◆ Data shown:
○ ○ ○
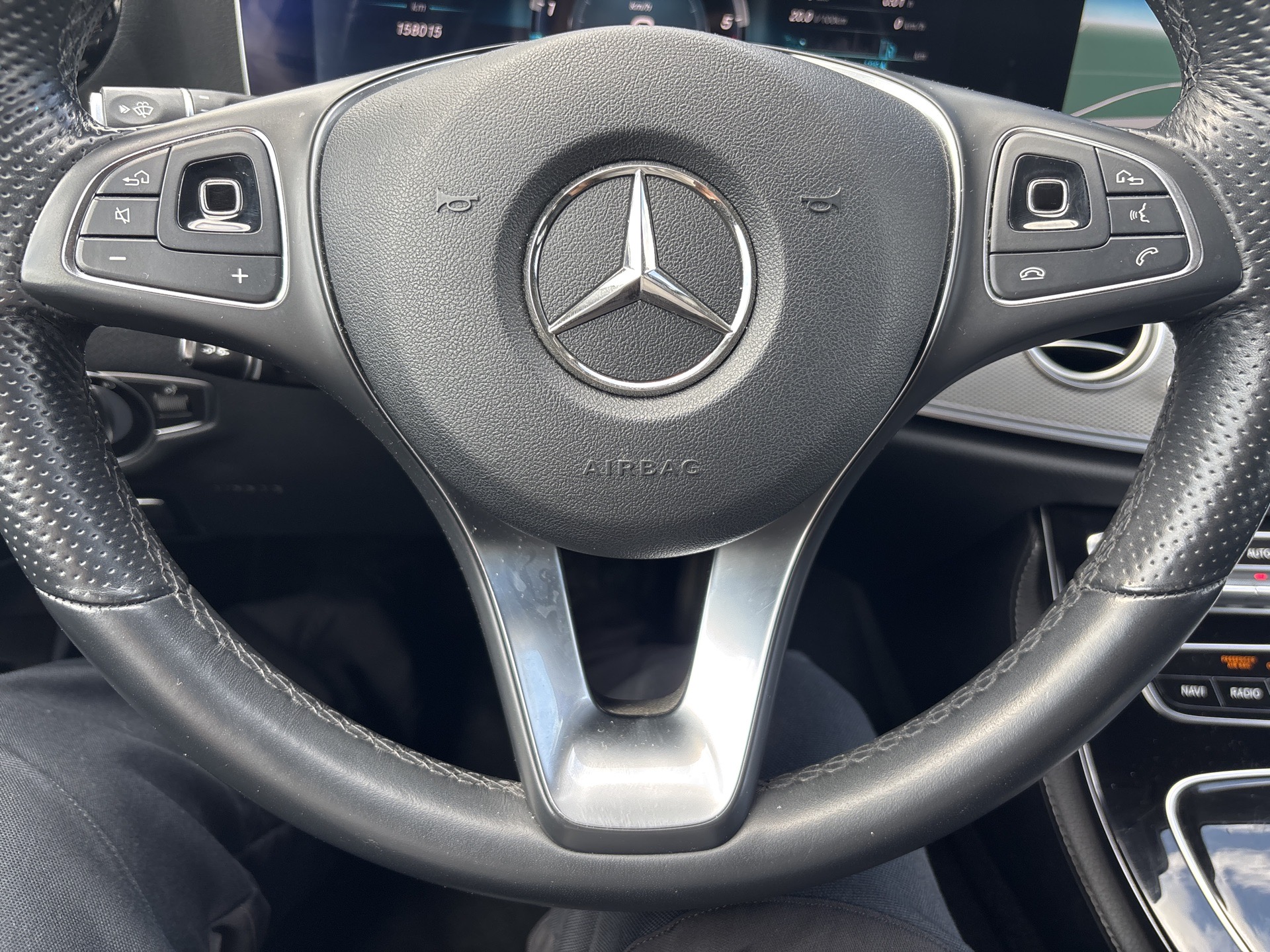 Mercedes-Benz E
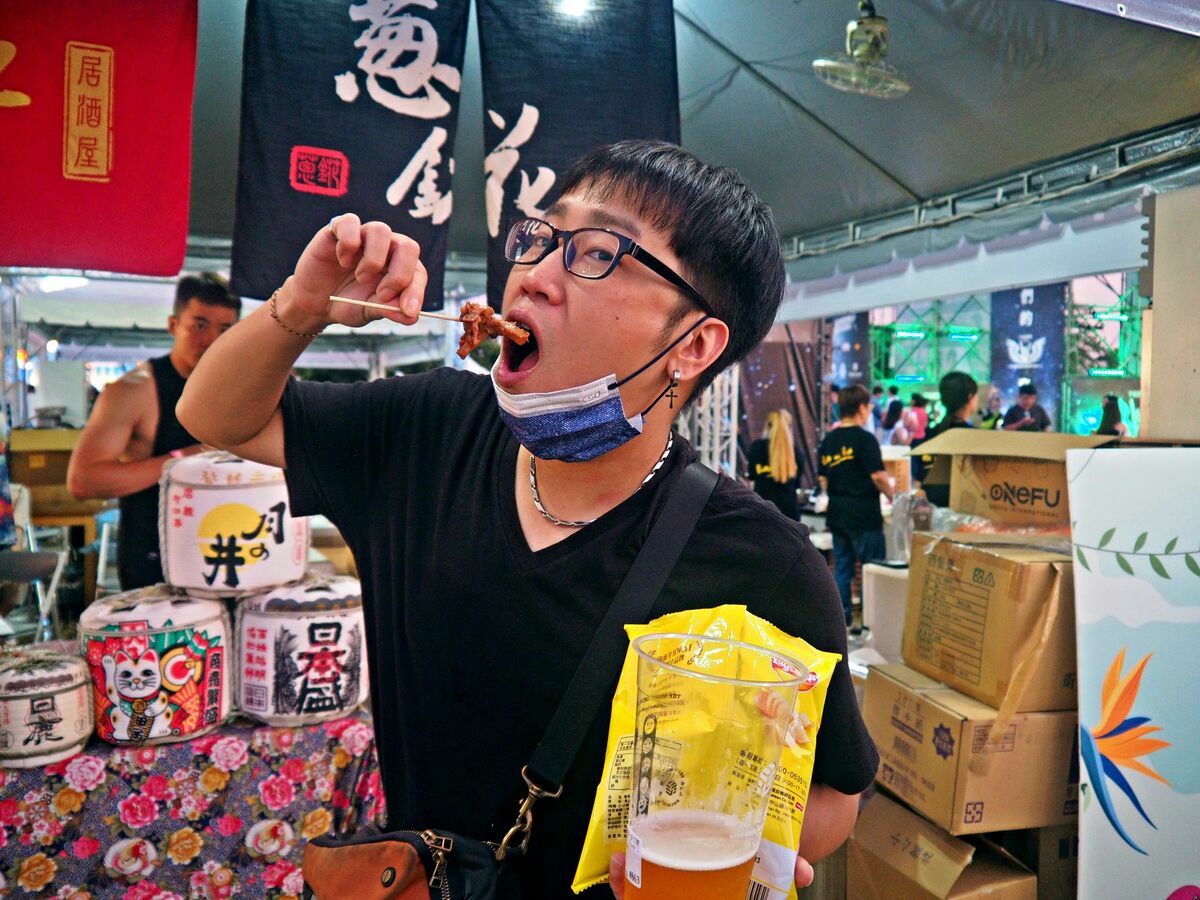 高雄下酒菜優勝料理開吃。 圖：高雄市經發局/提供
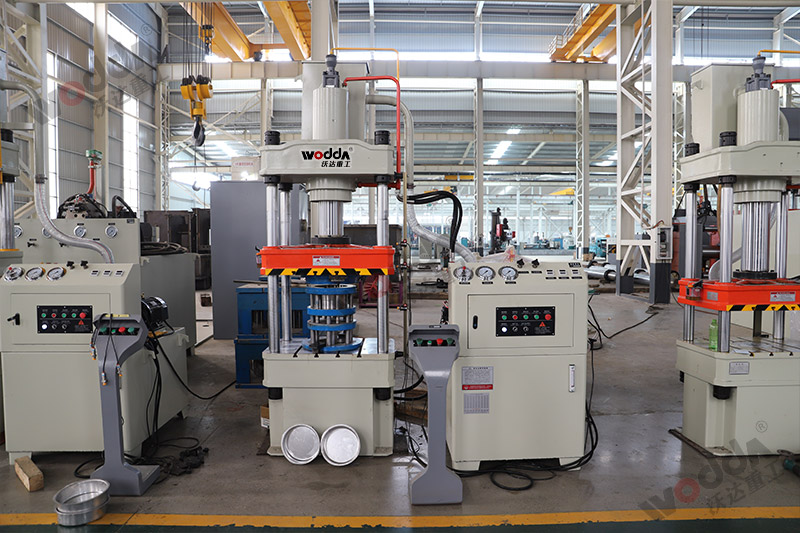 100噸電機(ji)端蓋拉伸液壓機(jī)_100T四柱拉伸液壓機(jī) 100噸電機端蓋拉伸(shen)液壓機_100T四柱拉伸(shen)液壓機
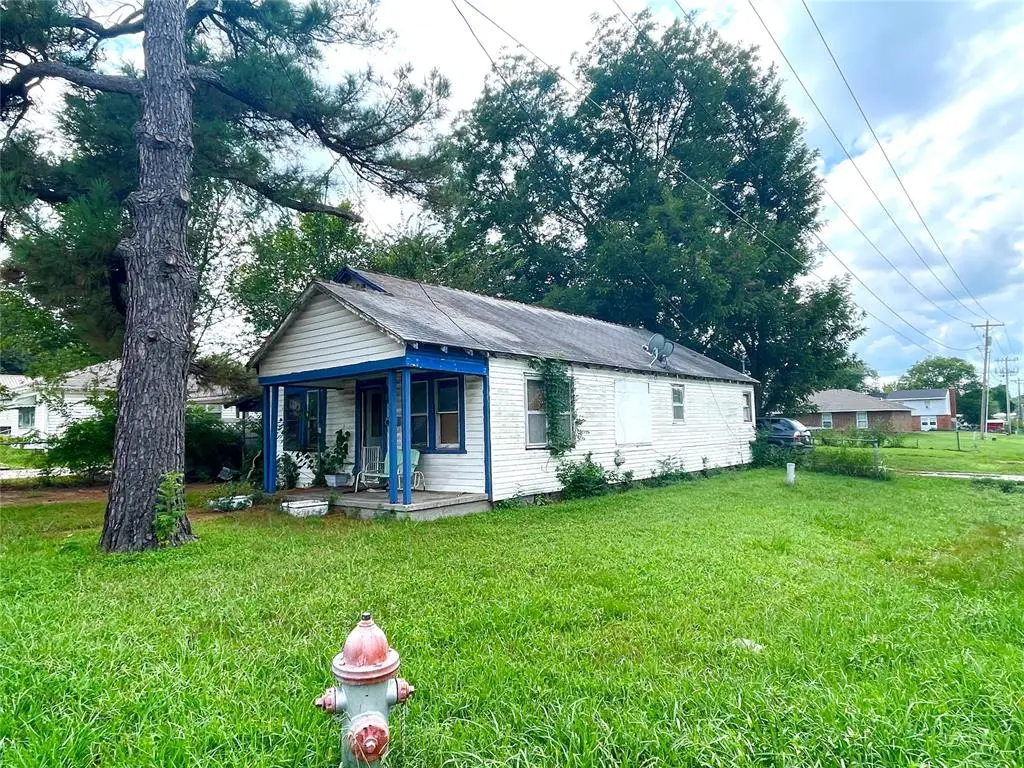 1349 Roosevelt Street, Seminole, OK 74868 - Image #1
○ ○ ○
◆ Task statement: Your copy should hold exactly the lines from the line containing "100噸電機(ji)端蓋拉伸" through the last line of the listing above, both included, and no pictures.

◆ Solution to this problem:
 100噸電機(ji)端蓋拉伸液壓機(jī)_100T四柱拉伸液壓機(jī) 100噸電機端蓋拉伸(shen)液壓機_100T四柱拉伸(shen)液壓機
 1349 Roosevelt Street, Seminole, OK 74868 - Image #1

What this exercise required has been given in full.